HC Verma Concepts of Physics Solutions - Part 1, Chapter 3 - Rest and Motion: Kinematic:

EXERCISE

1. A man has to go 50 m due north, 40 m due east and 20 m due south to reach a field, (a) what distance he has to walk to reach the field? (b) What is his displacement from his house to the field?

Sol:

                       

(a) The distance he has to walk to reach the field is 
                 = (50 + 40 + 20) m =110 m

(b) Magnitude of displacement vector is given by AD

AD = √ {(50 - 20)² + 40²} = √ {900 + 1600} = 50 m and

From ∆ ADE, tan θ = DE/AE = 30/40 = 3/4
                          ⇒ θ = tan^-1 (3/4)

∴ Displacement = 50 m, tan^-1 (3/4) north to east.

2. A particle starts from the origin, goes along the Z-axis to the point (20 m, 0) and then returns along the same line to the point (-20 m, 0).
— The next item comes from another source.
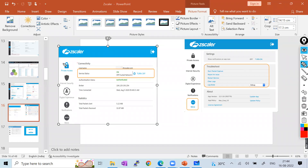For ZPA — Zscaler Private Access: suppose you have applications hosted in your data center and you're sitting at home wanting to access those applications. ZPA builds private VPN-like connections. The user connects via the Zscaler Client Connector, which connects to the Client Connector Node deployed in your data center, and then you can access all internal applications.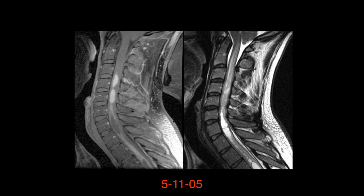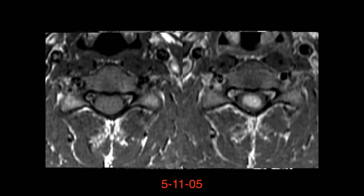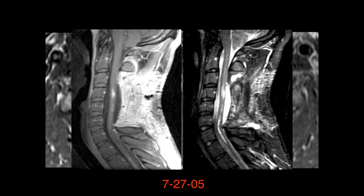Two sagittal fat-sat T2 images show extensive abnormal signal in the spinal cord with some cystic areas. On post-contrast there is enhancement — patchy enhancement within the spinal cord — and extensive involvement of the posterior elements.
Find the distance and displacement of the particle during the trip. 

 Sol:

                 

Distance travelled by the particle during the trip is

= AB + BC = (20 + 40) m = 60 m

Displacement ➡ shortest distance between final and initial position.

Displacement of the particle during the trip is 
            = 20 m along –ve X direction.

3. It is 260 km from Patna to Ranchi by air and 320 km by road. An aeroplane takes 30 minutes to go from Patna to Ranchi whereas a delux bus takes 8 hours, (a) Find the average speed of the plane, (b) Find the average speed of the bus. (c) Find the average velocity of the plane, (d) Find the average velocity of the bus. 

Sol:

(a) Given: distance from Patna to Ranchi by air = 260 km and time taken by an aeroplane = 30 min = 0.5 hour.

ஃ the average speed of the plane = distance/time
              = 260/0.5 km h^-1 = 520 km h^-1  

(b) Given: distance from Patna to Ranchi by road = 320 km and time taken by delux bus = 8 hours.

ஃ the average speed of the Bus = distance/time 
             = 320/8 km h^-1 = 40 km h^-1  

(c) Displacement ➡ shortest distance between final and initial position

ஃThe average velocity of the plane = displacement/time 
             = 260/0.5 km h^-1 = 520 km h^-1 Patna to Ranchi

(d) Displacement ➡ shortest distance between final and initial position

ஃThe average velocity of the plane = displacement/time 
             = 260/8 km h^-1 = 32.5 km h^-1 Patna to Ranchi

4. When a person leaves his home for sightseeing by his car, the meter reads 12352 km. When he returns home after two hours the reading is 12416 km. (a) what is the average speed of the car during this period? (b) What is the average velocity?

Sol:

(a) The average speed of the car during this period is

= (12416 - 12352)/2 km h^-1 = 32 km h^-1

(b) The average velocity is = displacement/time

Displacement ➡ shortest distance between final and initial position

Displacement = Zero [because initial and final position is same]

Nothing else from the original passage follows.